Şişli Güzeli Mediha bizim eve gelecek. Ben suya ya da mürekkebe bakma deneyiminden geçmiştim… hiç bir şey görememiştim… ama bu kez, emiceyi Şişli Güzeli Mediha’nın elinden kurtarmak için, suya bakıp, bana önceden ne öğretilmişse onu söyleyeceğim.

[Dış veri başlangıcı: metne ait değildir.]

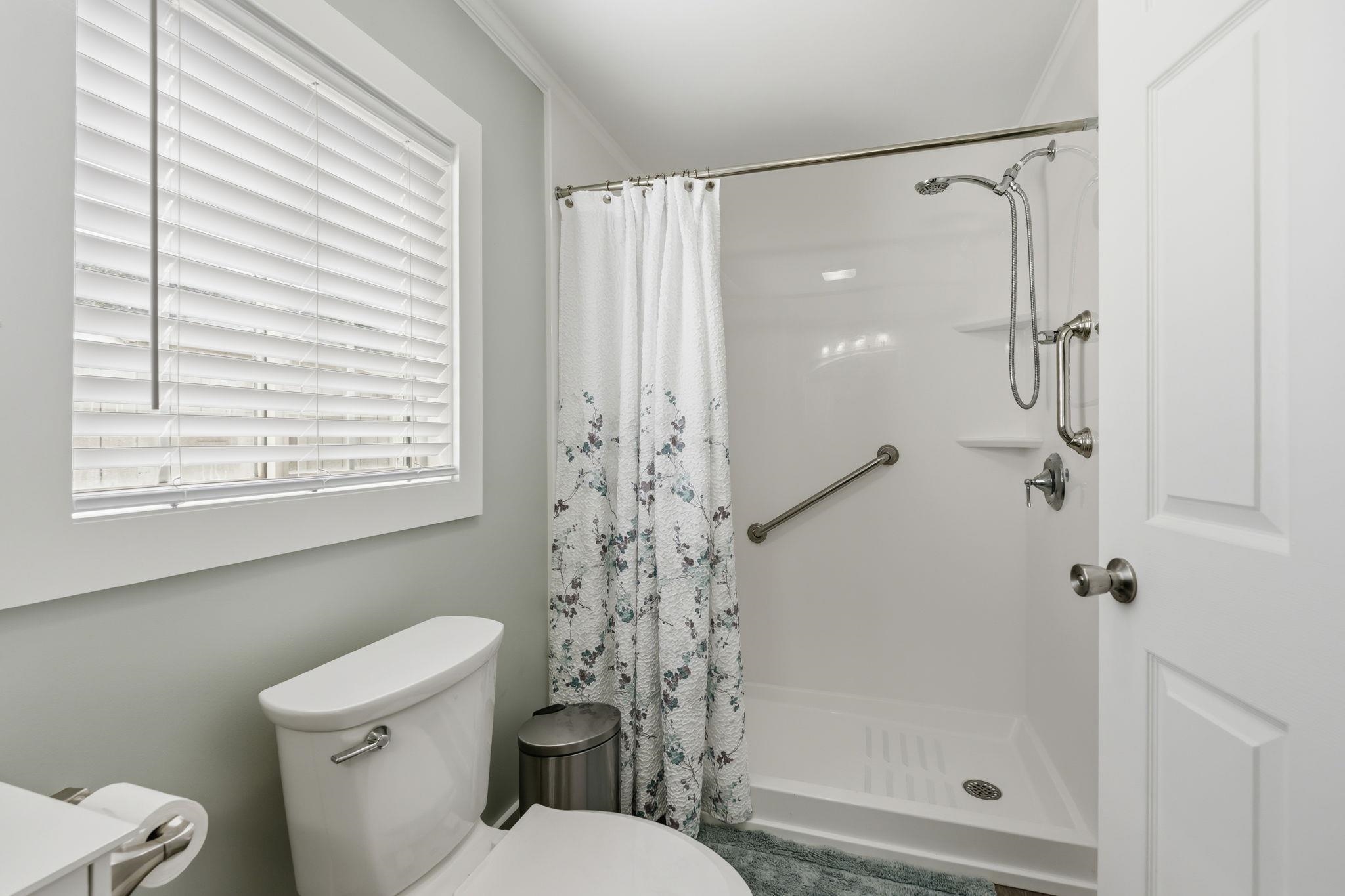 124 Queens Rd. Property Photo 22
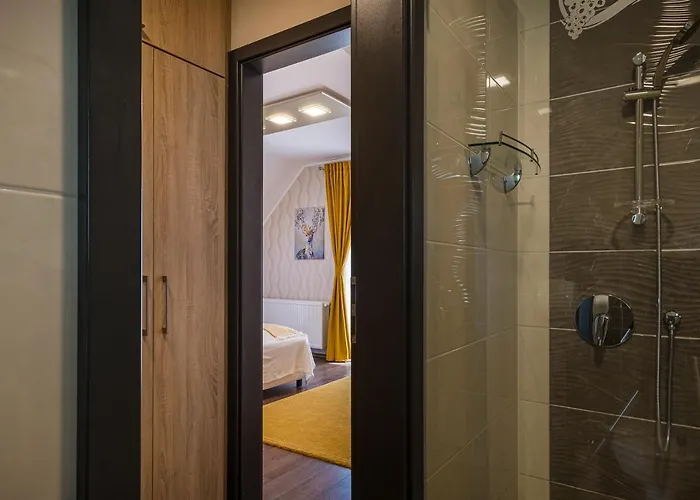 Vitis Kuria 7171 Otel Balatonrendes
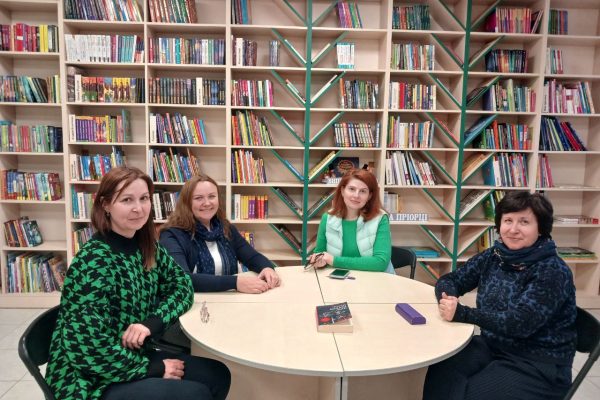 В бібліотеці на Пріорці відбулось засідання Читклубу. Клуб рекомендує книгу “Чорні водяні лілії” М. Бюссі, історія руйнівного кохання, довжиною в життя.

Gerçekten Şişli Güzeli Mediha denilen kadın bizim eve geldi. Ben suya baktım… bana öğretilenlerin hep tersini söylermişim…. böylece emicenin işlerini büsbütün kötületmişim. Şişli Güzeli Mediha’nın memnunluğu bundanmış. Kadın giderken babama para verdi. Babam… parayı almadı. İşte o zaman Şişli Güzeli Mediha hiç umulmadık birşey yaptı. Parlak, kara deriden, belkide rugan, çantası vardı, İçindekileri boşaltıp aldıktan sonra,

– Çocuk oynar, diye çantasını bana verdi.

Şaşırdım.

*****

Bu olaydan bir süre sonra Şişli Güzeli Mediha ya bıçaklanarak yada tabancayla vurularak öldürüldü. Sonraları Şişli Güzeli Mediha için gazetelerde, dergilerde pek çok yazılar, tefrikalar yazıldı, roman bile yazıldığını anımsıyorum.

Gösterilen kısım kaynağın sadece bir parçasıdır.